#### SparkSession和SparkContext的关系
Spark中不同模块设置了不同的容器，也即Context
在2.0版本以前：
其中主体的Spark RDD操作时，使用的是
**SparkContext**
而使用Streaming SQL Hive时，分别使用 Streaming Context， SQL Context ， Hive Context

在2.0后中，为了统一上述的Context，引入**SparkSession，实质上是SQLContext、HiveContext、SparkContext的组合。
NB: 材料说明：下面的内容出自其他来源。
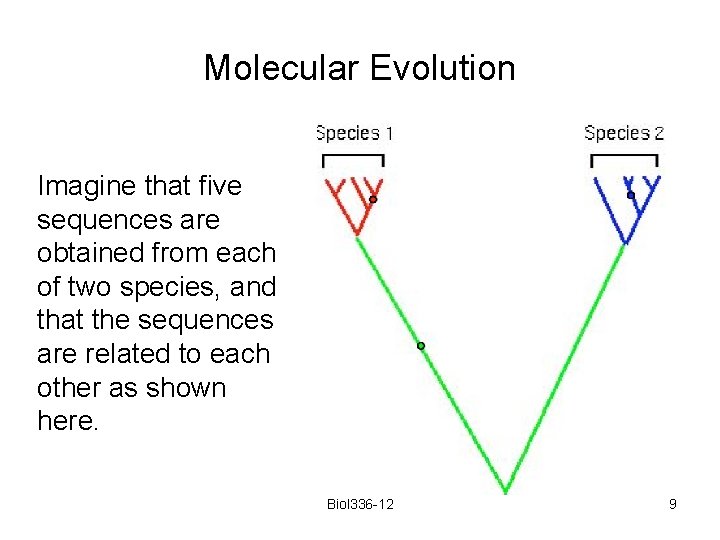 Molecular Evolution Imagine that five sequences are obtained from each of two species, and
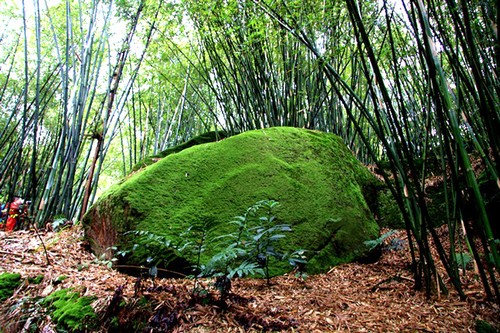 泸州:江门豆花缘 古寨竹清香(图3) 泸州:江门豆花缘 古寨竹清香(图3)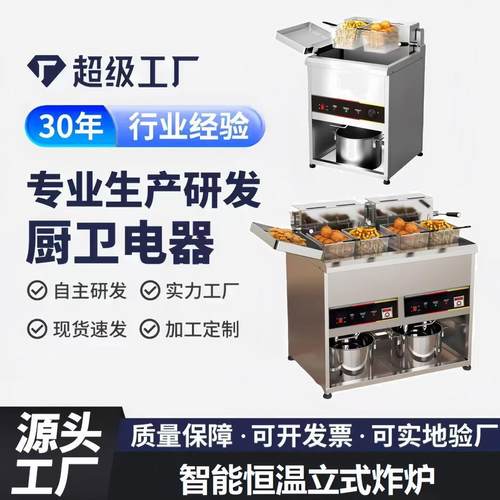 商用电热大容量立式油炸锅炸鸡排机器双缸恒温油条机炸串机电炸炉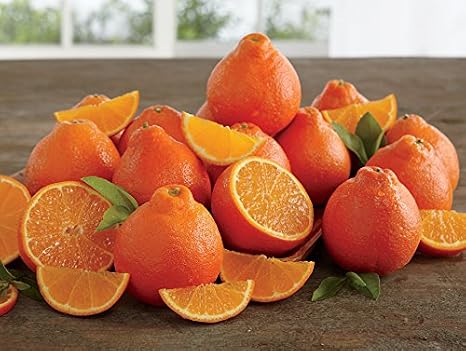 Rare Florida Honeybell Oranges Honeybell Tangelos Grove Fresh 15lbs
**

#### 在SparkSession中使用SparkContext
在Spark中，SparkContext只允许存在一个，而SparkSession实际上也是一种其他类型的Context，
所以并不能同时创建SparkContext和SparkSession。

实际上SparkSession中包含了一个SparkContext的模块，可以通过spark.sparkContext的方法调用

In [2]:
from pyspark.sql import Row
from pyspark import SparkContext
from pyspark.sql import SparkSession

spark = SparkSession.builder.appName('correlation example').getOrCreate()
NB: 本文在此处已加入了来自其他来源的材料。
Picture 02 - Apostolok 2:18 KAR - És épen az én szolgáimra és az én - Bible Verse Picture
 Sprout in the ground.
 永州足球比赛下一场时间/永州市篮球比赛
# Load a text file and convert each line to a Row.
lines = spark.sparkContext.textFile("file:/D:/Software/spark-2.4.3-bin-hadoop2.7/examples/src/main/resources/people.txt")
lines.take(10)
parts = lines.map(lambda l: l.split(","))
people = parts.map(lambda p: Row(name=p[0], age=int(p[1])))


In [8]:
lines.take(10)

['Michael, 29', 'Andy, 30', 'Justin, 19']

In [5]:
people.take(10)

[Row(age=29, name='Michael'),
 Row(age=30, name='Andy'),
 Row(age=19, name='Justin')]

#### 可以使用SQL语句操作dataframe数据

In [6]:
# Infer the schema, and register the DataFrame as a table.
schemaPeople = spark.createDataFrame(people)
schemaPeople.createOrReplaceTempView("people")

# SQL can be run over DataFrames that have been registered as a table.
teenagers = spark.sql("SELECT name FROM people WHERE age >= 13 AND age <= 19")

# The results of SQL queries are Dataframe objects.
# rdd returns the content as an :class:`pyspark.RDD` of :class:`Row`.
teenNames = teenagers.rdd.map(lambda p: "Name: " + p.name).collect()
for name in teenNames:
    print(name)
# Name: Justin

Name: Justin


In [7]:
schemaPeople.show(2)


+---+-------+
|age|   name|
+---+-------+
| 29|Michael|
| 30|   Andy|
+---+-------+
only showing top 2 rows